(RECORDS TO PROCESS):
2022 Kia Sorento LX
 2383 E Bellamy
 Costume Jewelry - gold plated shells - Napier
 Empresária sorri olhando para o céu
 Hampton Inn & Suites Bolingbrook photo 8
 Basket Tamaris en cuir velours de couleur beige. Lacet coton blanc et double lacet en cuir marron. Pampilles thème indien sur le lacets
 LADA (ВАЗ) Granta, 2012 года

(YOUR INSTRUCTIONS):
All entries must come back exactly as they were written.

(REPLY):
2022 Kia Sorento LX
 2383 E Bellamy
 Costume Jewelry - gold plated shells - Napier
 Empresária sorri olhando para o céu
 Hampton Inn & Suites Bolingbrook photo 8
 Basket Tamaris en cuir velours de couleur beige. Lacet coton blanc et double lacet en cuir marron. Pampilles thème indien sur le lacets
 LADA (ВАЗ) Granta, 2012 года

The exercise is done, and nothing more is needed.